Why Academic Honesty Matters in the Extended Essay
The International Baccalaureate requires that every Extended Essay (EE) be the student’s own independent work. Academic honesty is not just a formal requirement—it underpins the credibility of the EE and the integrity of the entire IB Diploma. Any breach, whether intentional or accidental, can have serious consequences.
Academic integrity in the EE is about authorship, transparency, and responsible scholarship. Students are expected to demonstrate original thinking while acknowledging all external influences correctly.
Authorship, Plagiarism, and Collaboration
Your EE must be written entirely in your own words and reflect your own intellectual effort.

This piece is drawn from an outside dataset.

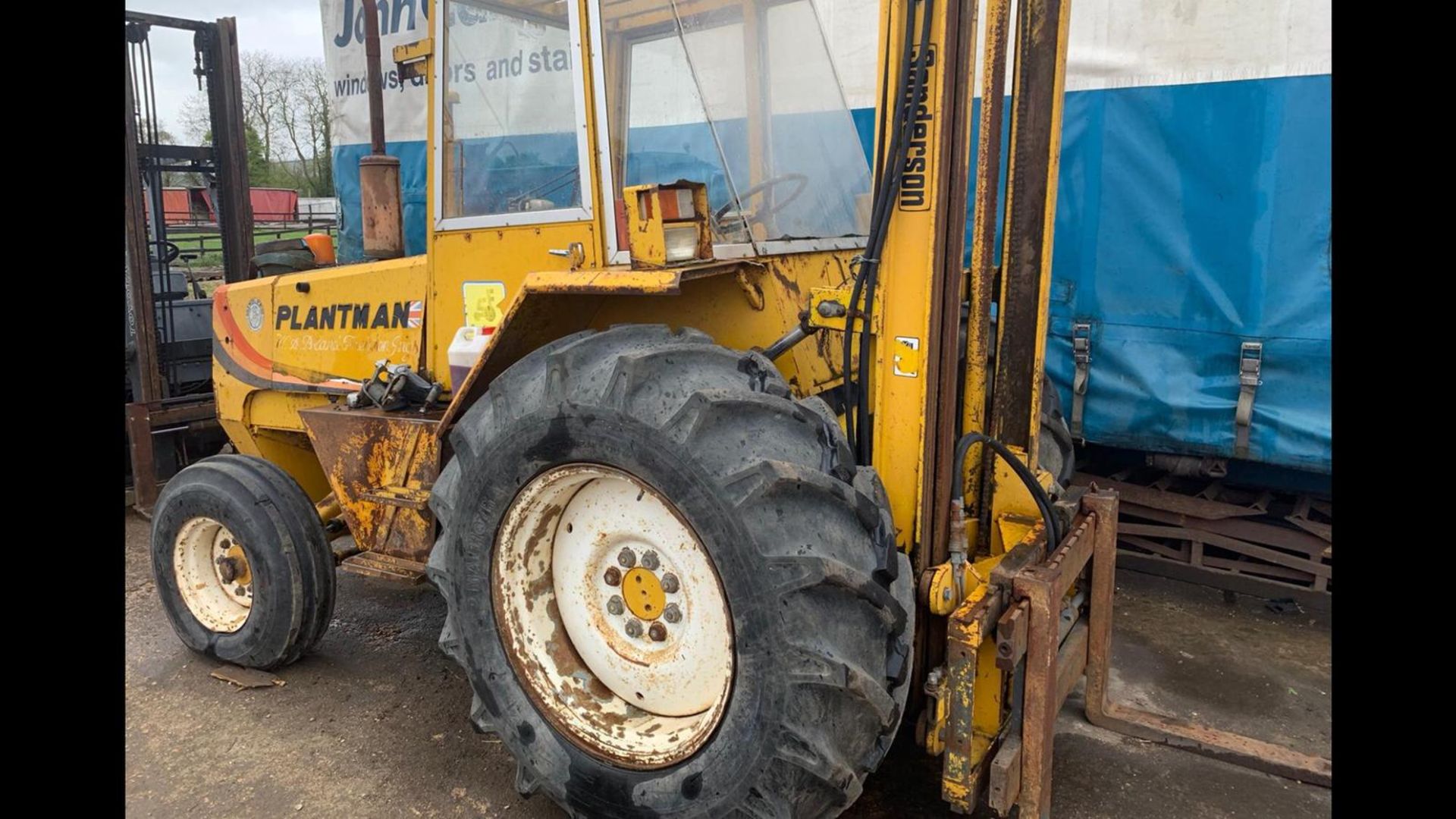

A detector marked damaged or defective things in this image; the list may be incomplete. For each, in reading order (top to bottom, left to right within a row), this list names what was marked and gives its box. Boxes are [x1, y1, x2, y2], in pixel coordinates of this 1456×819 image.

rusty metal panel [303, 402, 439, 559]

Supervisors and tutors may guide your research process, ask probing questions, and offer general advice, but they must not write, rewrite, or heavily edit your essay. If the language or structure reflects someone else’s work, it is no longer considered authentic authorship.
Plagiarism occurs whenever ideas, phrasing, data, or interpretations are used without proper citation. This includes:
- Direct quotations without quotation marks and references
- Paraphrased ideas that are not credited
- Use of existing essays, exemplars, or online material as a template
Collusion is also prohibited. Even if students research similar topics, they must not share drafts, wording, data sets, or analysis. Submitting work that is substantially similar to another student’s EE is treated as academic misconduct.
The IB Academic Integrity Policy
According to the official policy of the International Baccalaureate, academic integrity is a school-wide responsibility. Malpractice includes plagiarism, collusion, duplication of work across components, and falsification of data.